Les victimes ne furent pas fusillées, mais pendues aux balcons, aux arbres et aux lampadaires de la ville. Les cordes avaient été préparées à l’avance, transformant les rues familières en une galerie des horreurs. Les témoignages de l’époque rapportent une indifférence glaçante de la part des bourreaux : tandis que les corps se balançaient dans le vide, les officiers SS s’installaient à la terrasse du café Tivoli, buvant du vin volé et écoutant de la musique forte, riant face à l’agonie de leurs victimes.
Le Prix de la Déportation
L’horreur ne s’arrêta pas aux 99 pendus. Le lendemain, une nouvelle sélection envoya 149 hommes vers le camp de concentration de Dachau. Pour beaucoup, c’était un aller sans retour ; 101 d’entre eux ne revirent jamais la France, morts d’épuisement et de mauvais traitements. La manufacture d’armes de Tulle fut transformée en centre de torture, où la Milice française, collaborant avec les nazis, se livra à des actes de barbarie innommables, allant jusqu’à verser de l’acide sur les plaies des prisonniers.

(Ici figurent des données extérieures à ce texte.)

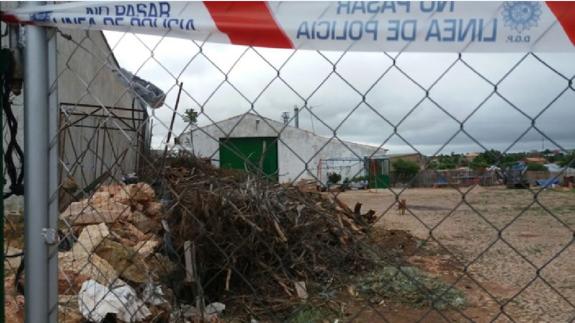 La finca donde apareció el cadáver.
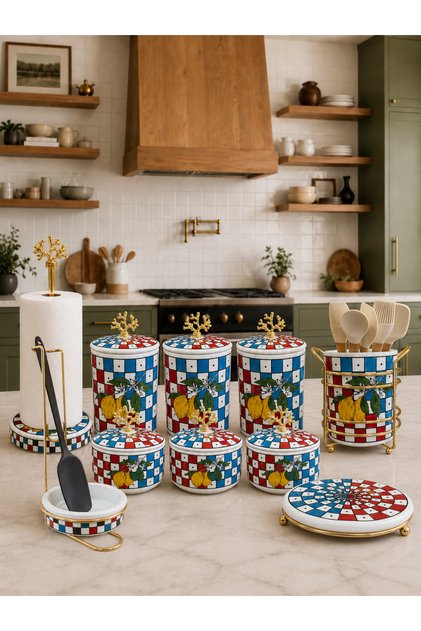 Kitchen Set - Dowry Set 105 Flat Lids 10 Pieces Lemon Checker Color Pattern Gold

La Vengeance de la Résistance : Le Cas Helmut Kämpfe
Face à cette sauvagerie, la Résistance ne resta pas inerte. Le destin tragique de la région allait basculer une seconde fois avec la capture d’un homme clé : le SS-Sturmbannführer Helmut Kämpfe. Commandant respecté au sein de la Das Reich et ami personnel d’Adolf Diekmann (un autre commandant de bataillon), Kämpfe fut capturé par le maquis le 9 juin.
En représailles aux atrocités de Tulle, l’ordre fut donné d’exécuter Kämpfe. Selon certains récits, sa fin fut aussi brutale que les crimes de sa division : il aurait été brûlé vif à l’intérieur d’une ambulance militaire allemande capturée, devant témoin.

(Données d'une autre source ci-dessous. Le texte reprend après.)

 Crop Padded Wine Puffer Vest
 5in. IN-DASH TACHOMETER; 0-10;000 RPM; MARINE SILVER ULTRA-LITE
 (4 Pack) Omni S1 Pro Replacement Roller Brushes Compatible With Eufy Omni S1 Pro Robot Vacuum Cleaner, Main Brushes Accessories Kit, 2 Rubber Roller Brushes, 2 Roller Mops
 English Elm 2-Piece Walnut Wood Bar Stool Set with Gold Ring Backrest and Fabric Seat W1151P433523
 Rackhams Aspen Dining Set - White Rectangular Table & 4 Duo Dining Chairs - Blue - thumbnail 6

L’Apocalypse d’Oradour-sur-Glane
La nouvelle de la mort de Kämpfe, et surtout la manière dont il aurait été tué, parvint aux oreilles de son ami Adolf Diekmann. Ivre de rage et de douleur, Diekmann décida de lancer une expédition punitive qui allait dépasser l’entendement.

Le 10 juin, sa colonne encercla le village paisible d’Oradour-sur-Glane. Ce qui s’y déroula n’était pas une opération militaire, mais une extermination. Les hommes furent mitraillés dans des granges, tandis que les femmes et les enfants – plus de 400 d’entre eux – furent enfermés dans l’église du village, qui fut ensuite incendiée et criblée de grenades.
Au total, 642 personnes périrent à Oradour. Le village fut pillé et réduit en cendres, laissé en l’état comme un mémorial fantomatique de la barbarie nazie.
Une Justice Inachevée
L’après-guerre laissa un goût amer aux survivants et aux familles des victimes. Si certains exécutants, comme Walter Schmald, furent capturés et exécutés par la Résistance, les hauts responsables échappèrent souvent à la corde. Le général Heinz Lammerding, qui commandait la division Das Reich et avait ordonné la répression, fut condamné à mort par contumace par un tribunal français en 1951. Pourtant, protégé par l’Allemagne de l’Ouest, il ne fut jamais extradé. Il vécut libre, prospère, et mourut dans son lit en 1971, sans jamais avoir répondu de ses crimes à Tulle ou Oradour.

Le Devoir de Mémoire
Aujourd’hui, les rues de Tulle et les ruines d’Oradour-sur-Glane demeurent des témoins silencieux. Elles nous rappellent que la guerre n’est pas seulement une affaire de stratégies et de frontières, mais une descente aux enfers où l’humanité peut s’effacer en un instant. Le massacre de Tulle, avec ses 99 martyrs suspendus dans le vide, et la tragédie d’Oradour qui en découla, forment une leçon d’histoire douloureuse mais nécessaire sur le prix de la liberté et les conséquences dévastatrices de la haine aveugle.